Youth from the Cross-Community Engagement (CCE) program in Jersey City joined nearly 100 people to rally in support of stopping a recent rise in violent attacks in the U.S. city. The vigil, held on April 4, was assembled in the wake of an especially devastating week in which eight people were shot, including a child who was only 13 years old.

“This isn’t about politics, this is about saving the community.”

Youth who have been engaged in CCE over the course of the last six months elected violence in their city as the target issue for the third and final phase of the program and have been conducting joint-community efforts to address the problem in Jersey City.

Now entering its third phase, the pilot program for CCE in Jersey City, which was named the most diverse city in the United States as of 2017, engages at-risk middle and high school age youth from two ethnic groups to participate in a series of workshops, field trips and activities designed to build cross-cultural relationships. This unique program, commenced in July of 2016, utilizes leaders of faith, government and nonprofit to mentor 30 Latino and African American youth to identify and impact identity-based attitudes and behaviors.

Youth of Cross-Community Engagement speak at a vigil following a series of violent crimes in Jersey City

Among the CCE youth was Denise, who voiced her condolences and encouragement to the community at the vigil. “People should be able to walk or drive places safely; to get home safely, without being shot, or murdered or hurt,” the young middle school student said, “We should rise up today. It begins with us.”

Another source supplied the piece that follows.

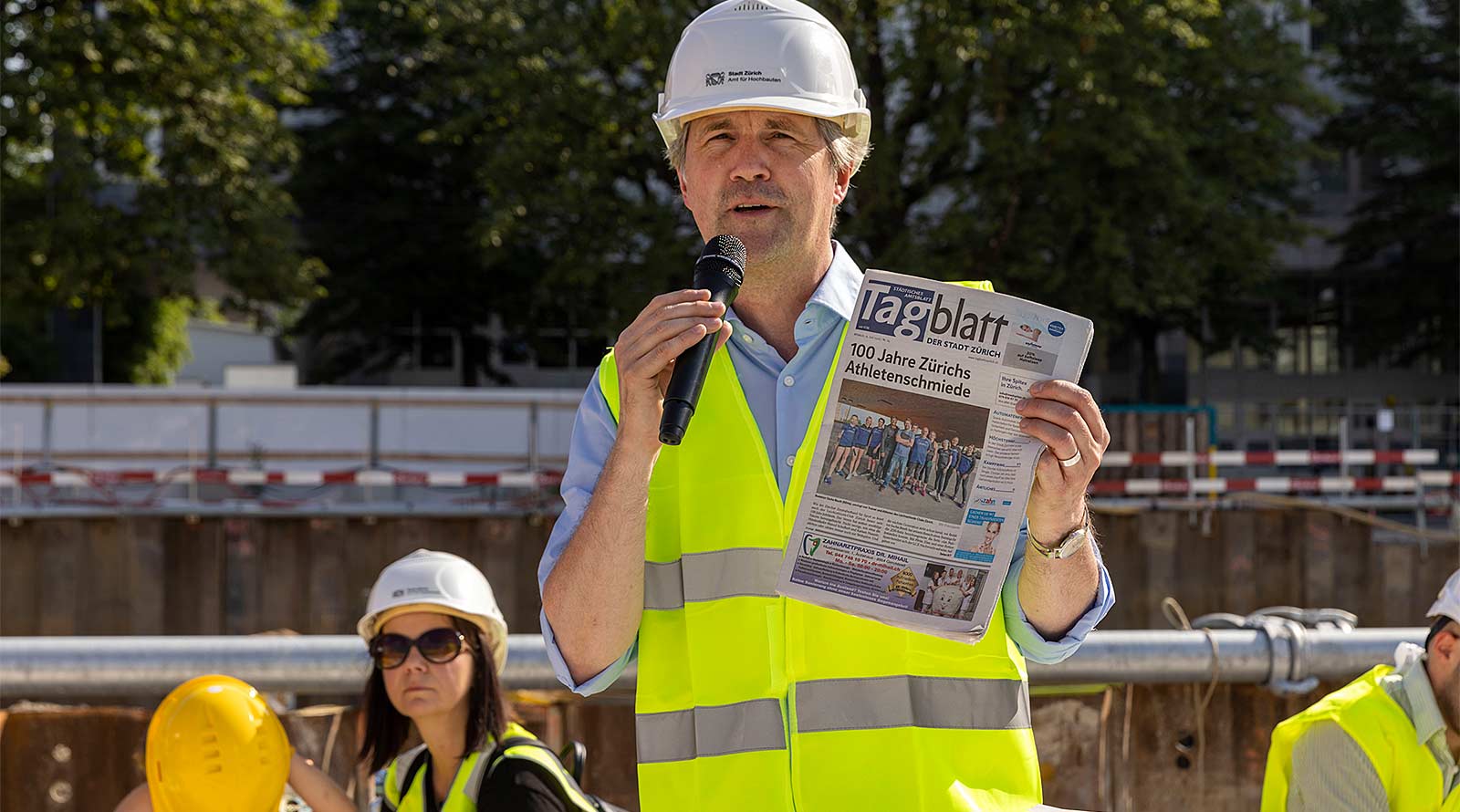 Caspar Hoesch, Bereichsleiter Bau & Entwicklung der SAW, legt während seiner Ansprache das Tagblatt vom Tag der Grundsteinlegung (15.6.2022) in die Grundsteinkapsel. Foto: Niklaus Spoerri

A stark contrast to the tension between law enforcement and citizens prevalent in recent years within the United States, one of CCE’s lead partners, Detective Doris Johnson, has developed a strong relationship with the youth as a mentor and role model, displaying the power of dialogue and a vision based on common values. Detective Johnson commended the young leaders and the gathering saying, “This isn’t about politics, this is about saving the community.”

By addressing the source of identity-based conflict in their communities, participants in CCE are demonstrating a proactive approach in bridging communication across barriers of race, religion and social standing in their community.

CCE completed their first phase in November of 2016, culminating in the introduction of the two separate ethnic groups to each other. Since then, the youth have continued their series of contact meetings and are now spreading the message of the power of cross-community engagement in their community through their own “Stop Violence in Jersey City Campaign,” which launched on April 14. CCE youth will visit schools, local police departments and City Hall to promote their campaign.